◆ RECORDS SUPPLIED:
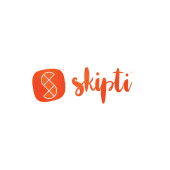 Skipti's Logo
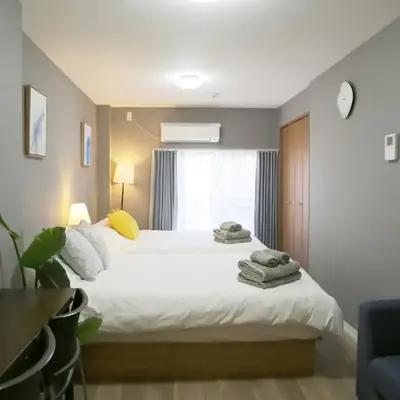 M206 Easy access to Ikebukuro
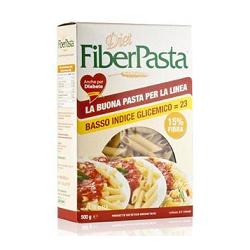 FIBERPASTA DIET PENNE 500 G - Angeli Pharm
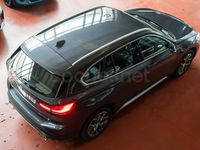 Usado BMW X1 Sport Line 150 CV (110 kW) 2022 Gris / plata SUV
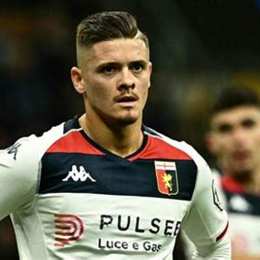 genoa đấu với câu lạc bộ bóng đá südtirol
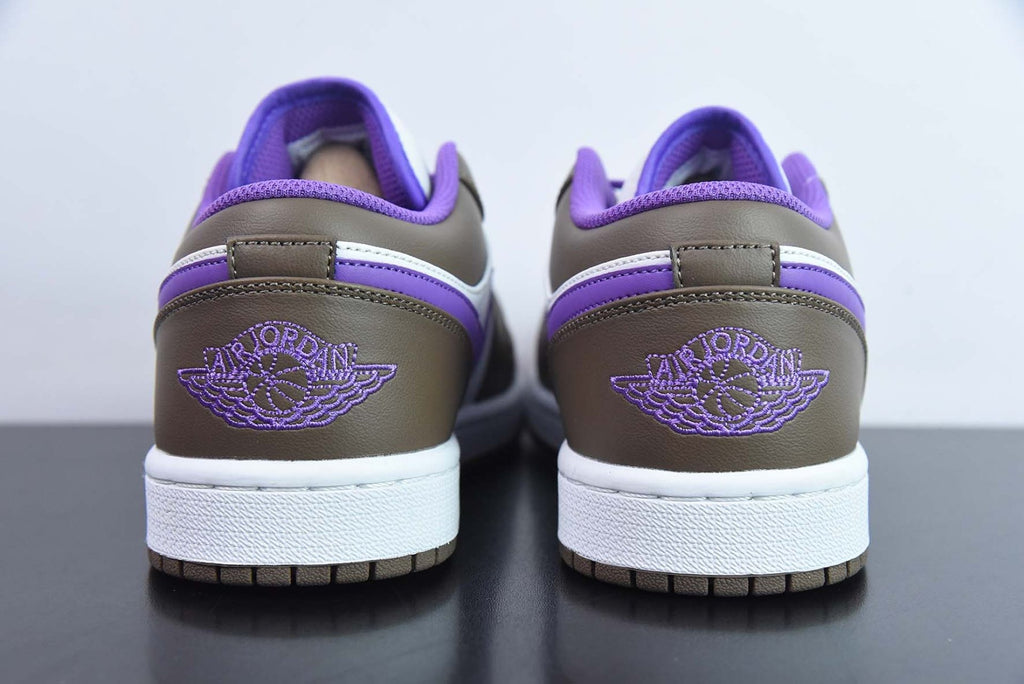 Air Jordan 1 Low Palomino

◆ PROBLEM DETAILS:
Without including any images, output the data exactly as given.

◆ TASK SOLUTION:
 Skipti's Logo
 M206 Easy access to Ikebukuro
 FIBERPASTA DIET PENNE 500 G - Angeli Pharm
 Usado BMW X1 Sport Line 150 CV (110 kW) 2022 Gris / plata SUV
 genoa đấu với câu lạc bộ bóng đá südtirol
 Air Jordan 1 Low Palomino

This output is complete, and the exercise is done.